A federal judge in Alabama has ruled that some sexual orientation discrimination claims may be made under the federal Fair Housing Act (FHA), a statute that forbids sex discrimination by owners and operators of residential housing facilities. District Judge William M. Acker, Jr., ruling on June 16, rejected the argument that the court would not have jurisdiction over any sexual orientation discrimination claim under the FHA.
James Earl Thomas filed suit against Carlos Osegueda, a regional director for the Department of Housing and Urban Development (HUD), and Christian Newsome, a claims investigator, for refusing to process his discrimination claim. Acker’s decision says little about the nature of the underlying claim, other than that Thomas claims he was discriminated against by Aletheia House, a recipient of federal housing funds, “because he is not gay.”
According to Acker, Thomas claimed that “he was discriminated against based on his conformity to male stereotypes, such as stereotypes regarding cooking and buying furniture.” The reference to male stereotypes is significant, since some courts have found a basis for extending sex discrimination protections to plaintiffs making sexual orientation discrimination claims based on the sex stereotyping theory.
“Not gay” man establishes important point before federal judge, but does not himself benefit
Thomas filed a petition seeking a court order directing Osegueda and Newsome to process his claim. On January 26, Acker ordered the two HUD officials to explain why a hearing on the matter was not required. On March 13, they responded, asking Acker to reconsider and to dismiss Thomas’ petition for lack of jurisdiction. The FHA, they argued, “does not give” the agency “jurisdiction to investigate and prosecute complaints raising allegations of discrimination based on sexual orientation.”
Acker noted that in the past courts had routinely dismissed sexual orientation discrimination claims under federal sex discrimination statutes, but that HUD “has taken several steps to clarify and reinforce the fact that certain acts of discrimination based on sexual orientation are in fact within its jurisdiction.” Congress has never amended any of the federal sex discrimination laws to explicitly add “sexual orientation” to the forbidden grounds for discrimination, but, Acker wrote, “HUD has taken an increasingly expansive view of its delegated authority under the FHA relating to discrimination based on sexual orientation.”
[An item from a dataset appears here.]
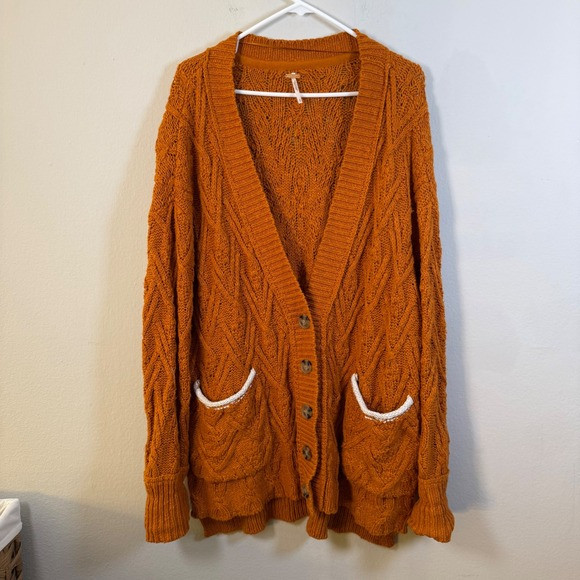 Free People Burnt Orange Cable Knit Button Front Cardigan Sweater Small S | Poshmark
In 2010, HUD issued an internal guidance document stating that “while the [FHA] does not specifically include sexual orientation and gender identity as prohibited bases… [an] LGBT person’s experience with sexual orientation or gender identity discrimination may still be covered by the [FHA].”
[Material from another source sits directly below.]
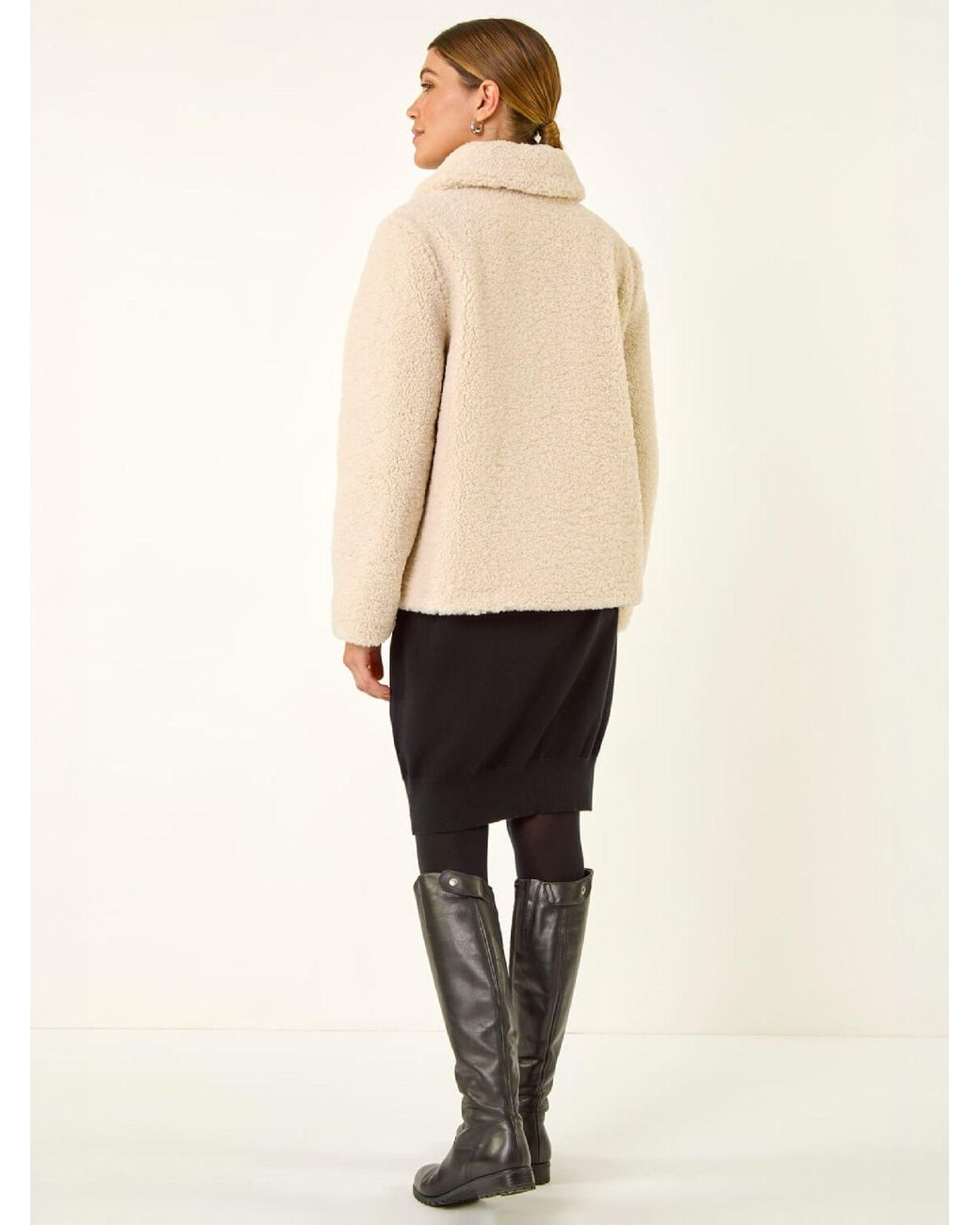 Roman Green Textured Borg Collared Jacket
In February 2012, HUD “published a final regulation, the Equal Access Rule, to implement ‘policy to ensure that its core programs are open to all eligible individuals and families regardless of sexual orientation, gender identity, or marital status,’” Acker noted. “The core provision of this new rule revised the eligibility requirements for HUD-assisted or insured housing to now require ‘such housing shall be made available without regard to actual or perceived sexual orientation, gender identity, or marital status.’”
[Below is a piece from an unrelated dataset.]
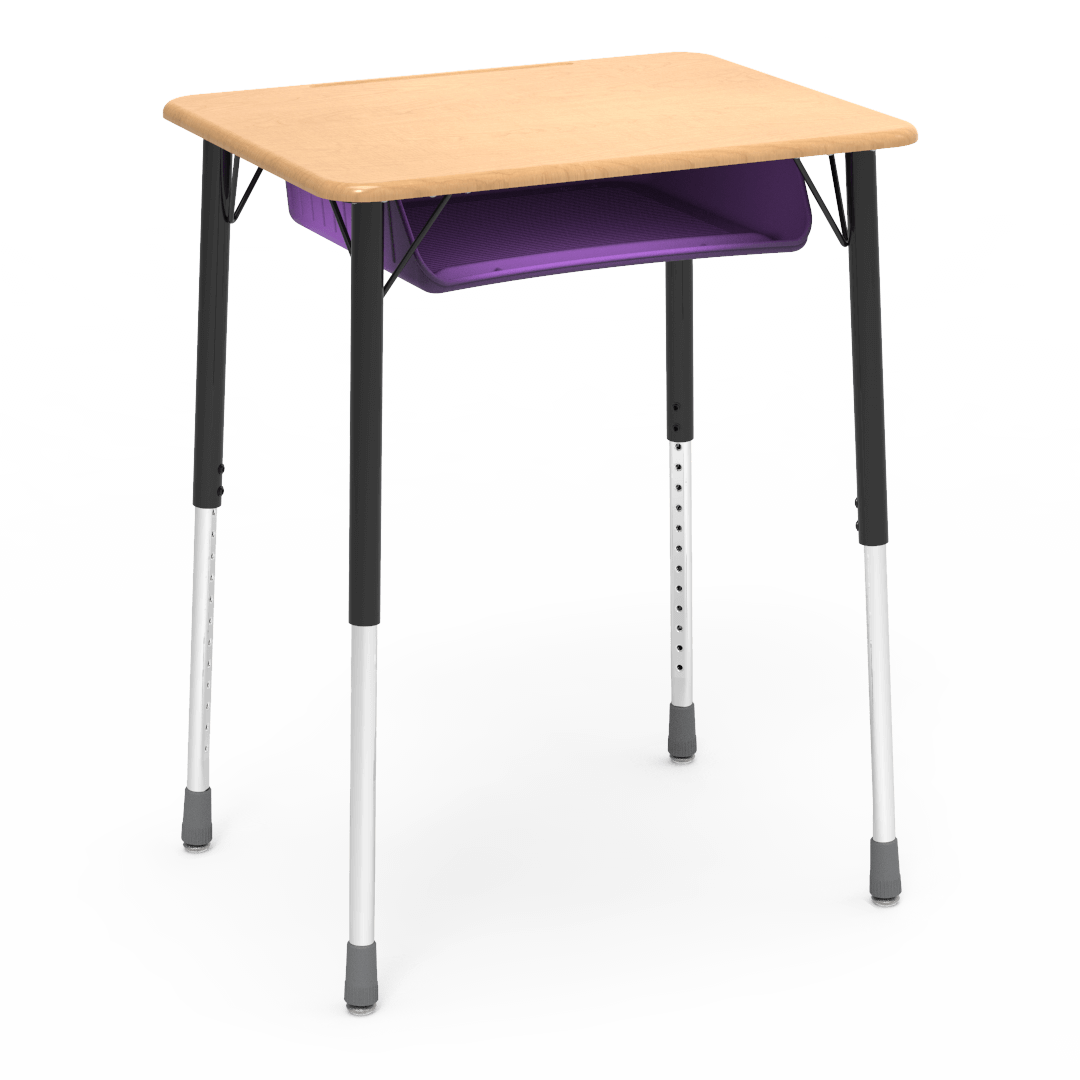 Virco ZADJ2026BOXM - ZUMA Series Student Desk, Hard Plastic 20" x 26-1/8" Top, 22"-34"H with plastic book box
Specifically, the judge noted, HUD took the position that “certain complaints from LGBT persons would be covered by the Fair Housing Act… including discrimination because of nonconformity with gender stereotypes.”
The agency also explained that it could investigate and enforce such claims “as sex discrimination.” In an “interpretive document” published in August 2014, HUD offered, as an example of such a claim, the harassment of a gay man by a maintenance worker at a public housing complex because of his effeminate demeanor.
The task before Acker, then, was to determine whether “HUD’s interpretation of its authority squares with the statutory language of the FHA” — and he concluded that it did, so long as HUD did not seek to assert its jurisdiction to sexual orientation claims that did not include a plausible allegation of sex stereotyping. The sex stereotyping theory was recognized as early as 1989 by the US Supreme Court, in a case of a masculine-acting woman challenging Price Waterhouse’s refusal to make her a partner. Since then, and most emphatically since President Barack Obama took office in 2009, federal agencies have advanced the sex stereotyping theory to find a basis for protecting gay and transgender people.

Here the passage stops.